What to produce:
Only one stretch of the data is wanted: the line containing "Pasabahce Large Juice", the line containing "SOULWIT 50mm Ear", and every line between them, copied exactly.
Provided material: Begin
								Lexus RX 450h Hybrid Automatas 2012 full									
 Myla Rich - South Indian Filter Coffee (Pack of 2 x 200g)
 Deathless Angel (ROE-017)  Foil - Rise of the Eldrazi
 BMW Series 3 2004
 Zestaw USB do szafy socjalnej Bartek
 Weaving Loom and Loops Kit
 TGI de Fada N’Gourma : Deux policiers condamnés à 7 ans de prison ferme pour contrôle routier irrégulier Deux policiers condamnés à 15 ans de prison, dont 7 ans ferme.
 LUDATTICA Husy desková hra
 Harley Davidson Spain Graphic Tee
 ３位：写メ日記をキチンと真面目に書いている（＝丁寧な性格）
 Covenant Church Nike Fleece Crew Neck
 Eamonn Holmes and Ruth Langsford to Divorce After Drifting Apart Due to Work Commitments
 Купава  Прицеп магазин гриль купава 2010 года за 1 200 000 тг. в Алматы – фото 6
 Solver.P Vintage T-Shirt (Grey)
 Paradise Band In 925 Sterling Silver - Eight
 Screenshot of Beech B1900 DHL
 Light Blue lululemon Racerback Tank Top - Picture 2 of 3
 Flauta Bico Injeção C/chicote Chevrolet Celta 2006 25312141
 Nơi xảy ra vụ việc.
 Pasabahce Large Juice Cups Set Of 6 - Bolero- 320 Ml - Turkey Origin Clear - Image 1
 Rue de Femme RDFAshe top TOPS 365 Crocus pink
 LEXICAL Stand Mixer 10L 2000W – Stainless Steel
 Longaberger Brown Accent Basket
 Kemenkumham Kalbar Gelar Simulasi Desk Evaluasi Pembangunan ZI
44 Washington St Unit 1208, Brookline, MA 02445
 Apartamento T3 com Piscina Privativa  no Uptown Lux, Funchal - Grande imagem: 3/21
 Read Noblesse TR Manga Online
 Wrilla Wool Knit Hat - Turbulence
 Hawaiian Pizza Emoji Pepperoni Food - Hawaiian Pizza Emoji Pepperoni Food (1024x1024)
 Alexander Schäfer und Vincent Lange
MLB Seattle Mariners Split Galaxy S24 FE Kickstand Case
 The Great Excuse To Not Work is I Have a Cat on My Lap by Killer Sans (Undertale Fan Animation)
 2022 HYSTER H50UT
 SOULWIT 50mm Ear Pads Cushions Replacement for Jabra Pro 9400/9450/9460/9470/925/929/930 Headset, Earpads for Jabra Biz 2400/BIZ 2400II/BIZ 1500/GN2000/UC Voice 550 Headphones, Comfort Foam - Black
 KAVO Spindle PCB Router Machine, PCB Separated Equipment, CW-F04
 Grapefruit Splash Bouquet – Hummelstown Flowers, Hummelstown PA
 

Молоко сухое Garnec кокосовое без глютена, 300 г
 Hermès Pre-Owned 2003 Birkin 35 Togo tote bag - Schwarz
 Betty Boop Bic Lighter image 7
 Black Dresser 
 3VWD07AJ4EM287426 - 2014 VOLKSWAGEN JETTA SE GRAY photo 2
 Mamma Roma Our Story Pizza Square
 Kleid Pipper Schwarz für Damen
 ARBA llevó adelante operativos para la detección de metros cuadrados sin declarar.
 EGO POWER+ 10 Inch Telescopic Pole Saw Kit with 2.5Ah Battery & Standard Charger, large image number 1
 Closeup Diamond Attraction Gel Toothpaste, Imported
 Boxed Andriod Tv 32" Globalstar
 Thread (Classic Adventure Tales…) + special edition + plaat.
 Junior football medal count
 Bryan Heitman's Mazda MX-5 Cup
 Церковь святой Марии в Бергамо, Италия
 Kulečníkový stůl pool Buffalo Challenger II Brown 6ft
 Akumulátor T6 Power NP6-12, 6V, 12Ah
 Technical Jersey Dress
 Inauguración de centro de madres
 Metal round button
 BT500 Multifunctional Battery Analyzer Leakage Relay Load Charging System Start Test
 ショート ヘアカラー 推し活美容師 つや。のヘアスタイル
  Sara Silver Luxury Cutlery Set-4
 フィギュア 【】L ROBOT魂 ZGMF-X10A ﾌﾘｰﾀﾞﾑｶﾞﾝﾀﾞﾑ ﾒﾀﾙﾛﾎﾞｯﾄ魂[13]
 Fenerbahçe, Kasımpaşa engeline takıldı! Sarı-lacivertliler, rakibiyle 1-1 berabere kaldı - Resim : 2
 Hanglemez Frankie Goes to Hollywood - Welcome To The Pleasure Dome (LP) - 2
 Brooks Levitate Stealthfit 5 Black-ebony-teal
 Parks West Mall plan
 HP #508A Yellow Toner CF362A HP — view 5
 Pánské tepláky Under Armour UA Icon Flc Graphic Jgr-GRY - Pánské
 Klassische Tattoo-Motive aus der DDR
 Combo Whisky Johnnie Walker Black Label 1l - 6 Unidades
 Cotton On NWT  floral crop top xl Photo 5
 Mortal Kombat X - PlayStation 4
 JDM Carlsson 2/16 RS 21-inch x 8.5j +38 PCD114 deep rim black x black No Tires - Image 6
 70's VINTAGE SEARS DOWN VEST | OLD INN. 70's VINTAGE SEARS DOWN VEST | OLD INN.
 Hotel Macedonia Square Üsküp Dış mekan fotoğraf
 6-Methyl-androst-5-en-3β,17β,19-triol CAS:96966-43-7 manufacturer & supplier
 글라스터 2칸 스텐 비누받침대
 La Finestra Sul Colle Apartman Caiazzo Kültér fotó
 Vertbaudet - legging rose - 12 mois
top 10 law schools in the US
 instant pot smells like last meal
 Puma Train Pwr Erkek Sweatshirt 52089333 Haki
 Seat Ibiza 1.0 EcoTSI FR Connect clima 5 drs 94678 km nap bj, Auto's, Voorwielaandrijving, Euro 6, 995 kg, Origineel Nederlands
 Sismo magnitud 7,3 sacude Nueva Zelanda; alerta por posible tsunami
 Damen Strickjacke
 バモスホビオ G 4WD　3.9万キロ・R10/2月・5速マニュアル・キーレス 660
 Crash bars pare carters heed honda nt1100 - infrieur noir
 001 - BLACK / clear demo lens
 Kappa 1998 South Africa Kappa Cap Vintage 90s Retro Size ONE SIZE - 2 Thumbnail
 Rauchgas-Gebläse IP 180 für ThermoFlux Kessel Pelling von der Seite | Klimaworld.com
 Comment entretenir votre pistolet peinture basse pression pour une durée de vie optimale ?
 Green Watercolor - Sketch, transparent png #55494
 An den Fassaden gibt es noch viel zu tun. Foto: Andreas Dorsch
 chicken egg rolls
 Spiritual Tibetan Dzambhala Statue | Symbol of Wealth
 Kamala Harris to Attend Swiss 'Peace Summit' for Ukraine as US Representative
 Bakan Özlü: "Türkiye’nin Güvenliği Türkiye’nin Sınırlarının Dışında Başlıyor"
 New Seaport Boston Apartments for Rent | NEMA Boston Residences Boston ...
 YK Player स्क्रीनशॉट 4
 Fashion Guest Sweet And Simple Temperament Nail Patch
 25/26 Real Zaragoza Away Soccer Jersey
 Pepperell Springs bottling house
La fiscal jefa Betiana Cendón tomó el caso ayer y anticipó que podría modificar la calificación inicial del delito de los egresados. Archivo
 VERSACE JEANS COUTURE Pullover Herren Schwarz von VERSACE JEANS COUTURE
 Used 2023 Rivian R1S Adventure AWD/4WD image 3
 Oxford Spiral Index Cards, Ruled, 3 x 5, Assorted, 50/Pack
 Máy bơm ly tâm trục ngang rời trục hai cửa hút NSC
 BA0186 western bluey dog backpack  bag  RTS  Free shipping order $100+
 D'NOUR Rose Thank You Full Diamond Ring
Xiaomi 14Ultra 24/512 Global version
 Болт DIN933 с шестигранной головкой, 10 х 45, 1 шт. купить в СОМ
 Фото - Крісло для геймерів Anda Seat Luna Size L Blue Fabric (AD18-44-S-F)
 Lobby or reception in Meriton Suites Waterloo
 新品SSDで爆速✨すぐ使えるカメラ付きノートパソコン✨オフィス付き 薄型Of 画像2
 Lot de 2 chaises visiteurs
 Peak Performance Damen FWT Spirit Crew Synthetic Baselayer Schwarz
Provided material: End
Written answer:
 Pasabahce Large Juice Cups Set Of 6 - Bolero- 320 Ml - Turkey Origin Clear - Image 1
 Rue de Femme RDFAshe top TOPS 365 Crocus pink
 LEXICAL Stand Mixer 10L 2000W – Stainless Steel
 Longaberger Brown Accent Basket
 Kemenkumham Kalbar Gelar Simulasi Desk Evaluasi Pembangunan ZI
44 Washington St Unit 1208, Brookline, MA 02445
 Apartamento T3 com Piscina Privativa  no Uptown Lux, Funchal - Grande imagem: 3/21
 Read Noblesse TR Manga Online
 Wrilla Wool Knit Hat - Turbulence
 Hawaiian Pizza Emoji Pepperoni Food - Hawaiian Pizza Emoji Pepperoni Food (1024x1024)
 Alexander Schäfer und Vincent Lange
MLB Seattle Mariners Split Galaxy S24 FE Kickstand Case
 The Great Excuse To Not Work is I Have a Cat on My Lap by Killer Sans (Undertale Fan Animation)
 2022 HYSTER H50UT
 SOULWIT 50mm Ear Pads Cushions Replacement for Jabra Pro 9400/9450/9460/9470/925/929/930 Headset, Earpads for Jabra Biz 2400/BIZ 2400II/BIZ 1500/GN2000/UC Voice 550 Headphones, Comfort Foam - Black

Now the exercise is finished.